Premier verre de champagne debout et conversation déjà animée et amicale. Nous sommes invités à passer à table pour les mises en bouche qui seront accompagnées du même champagne généreusement re-servi (Champagne Geoffroy expression – premier cru). Le Chef sait combien ces petites bouchées donnent le ton d’un repas et il excelle en la matière, il joue avec les couleurs, les formes, les textures, les saveurs et les températures.
Le Chef vient en salle terminer la première entrée. Un tartare de bœuf Holstein d’un élevage particulier, qu’il a, pour la petite histoire, ironiquement découvert chez un ami en Espagne… Présentation impeccable : le disque de tartare au couteau est surmonté d’une croustillante tartelette emplie d’un granité éthéré au raifort. L’ensemble est cerné de pétales de radis minutieusement arrangés, et complété avec trois sauces dont un sirop de céleri rave remarquable.
On continue avec du crabe de la Mer du Nord. Émietté, il sert de support à un fagot d’asperges vertes et un bouquet d’herbes parfumées. Quatre sauces d’une grande finesse et de couleurs différentes dont un jus de crustacés se mêlent agréablement en bouche pour magnifier le crabe dans une équilibre de saveurs auquel il est difficile de résister. Le sommelier surprend certains avec un riesling de Léon Beyer (Comtes d’Eguisheim, 2018) et ravit d’autres avec un Rodenbach Vintage 2021.
La pêche du jour est du carrelet provenant du bateau de pêche Z571 du collectif NorthSeaChefs dont Filip Claeys est fondateur et inspirateur (Ce collectif s’attaque à la surpêche et tente de donner aux espèces de poissons sous-estimées ou moins connues et aux captures accidentelles, une valeur culinaire importante). Des veines vertes et blanches entrelacées créent le motif central brillant d’une grande assiette blanche – autrement lisse et mate – sur lequel est déposé un morceau de carrelet nappé de sauce. Rapidement on découvre que le motif était une illusion et que la couleur verte est en fait une huile à la chlorophylle. La texture un peu granuleuse du carrelet absorbe bien la sauce pour le plaisir des papilles. Une asperge blanche au feu de bois, accompagne le poisson. Le contraste des goûts et des textures entre le marin et le végétal est saisissant.
Une dentelle de Bruges, coiffant une écume au genièvre, elle-même dissimulant une mirepoix de fenouil et une huile infusée d’oseille, remplace plaisamment le classique « trou normand » souvent trop alcoolisé.

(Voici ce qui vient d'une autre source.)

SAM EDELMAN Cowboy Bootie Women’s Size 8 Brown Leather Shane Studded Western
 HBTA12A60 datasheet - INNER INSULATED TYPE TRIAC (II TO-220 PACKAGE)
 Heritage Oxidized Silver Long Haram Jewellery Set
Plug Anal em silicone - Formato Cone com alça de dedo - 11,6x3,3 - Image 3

Le palais « remis à zéro » par cette composition rafraîchissante est prêt pour le plat principal.
Une côte d’agneau de lait des Pyrénées parfaitement manchonnée, panoufle colorée et croustillante sur l’extérieur, viande très tendre rosée à cœur, gras fondant. En accompagnement : tranche biseautée d’aubergine passée sur la braise, croustillante sur l’extérieur et crémeuse au centre ; artichaut poivrade et ail des ours. Une sauce gourmande exceptionnelle vient sublimer le plat, qu’enivre un Chambolle-Musigny généreusement offert par l’un des convives (1er Cru Les Sentier, Domaine Anne Sigaut, 2018 – magnum).
À la place du dessert à la fraise et à la rhubarbe qu’accompagnait merveilleusement un vin de Sauternes également offert (Château Guiraud, 1er Cru Classé, 2003), dont se sont régalés des voisins de table, j’ai opté pour un assortiment de fromages affinés bien tempérés.
Pour clore le repas de la même façon qu’il s’était ouvert, une collection de mignardises de belle facture est apportée : cannelés croquants/crémeux, madeleines tièdes et croustillantes, mélocakes revisités et macarons, sans oublier les cigares du Chef.
Pendant que l’on sert des digestifs offerts par l’un des convives, le Chef nous rejoint de nouveau et c’est le moment de le féliciter ainsi que sa brigade, en se promettant de ne pas attendre trop longtemps cette fois-ci avant de revenir.